Edit: (as per mjy's comment). Using strcat in this fashion is a great way of getting buffer overflows. You could readily write a small function that checks the size of the buffer and length of incoming string addition to overcome this, or use realloc on a dynamic buffer. IMO, the onus is on the programmer to check correct buffer sizes where they are used, as with sprintfs and other C strings functions. I assume that C is being used over C++ for performance reasons, and hence STL is not an option.

Edit: As per request from Filip's comment, a simple strcat implementation based on a fixed size char buffer:

char buffer[MAXSIZE] = "";

int mystrcat(char *addition)
{
   if (strlen(buffer) + strlen(addition) + sizeof(char)  >= MaxSize)
     return(FAILED);
   strcat(buffer,addition);
   return(OK);
}

Using dynamic allocation:

char *buffer = NULL;

int mystrcat(char *addition)
{
   buffer = realloc(buffer, strlen(buffer) + strlen(addition) + sizeof(char));
   if (!buffer)
     return(FAIL);
   strcat(buffer, addition);
   return(OK);
}

In this case you have to free your buffer manually when you are finished with it. (Handled by destructors in C++ equivalents)

Addendum (Pax):

Okay, since you didn't actually explain why you had to create message[1024], here it is.

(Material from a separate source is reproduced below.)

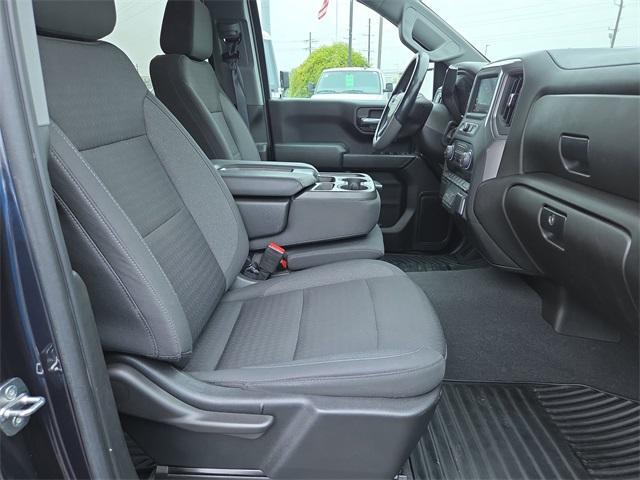 used 2022 Chevrolet Silverado 1500 car, priced at $32,500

With char *x = "hello", the actual bytes ('h','e','l','l','o',0) (null on the end) are stored in an area of memory separate from the variables (and quite possibly read-only) and the variable x is set to point to it. After the null, there's probably something else very important. So you can't append to that at all.

With char x[1024]; strcpy(x,"hello");, you first allocate 1K om memory which is totally dedicated to x. Then you copy "hello" into it, and still leave quite a bit of space at the end for appending more strings. You won't get into trouble until you append more than the 1K-odd allowed.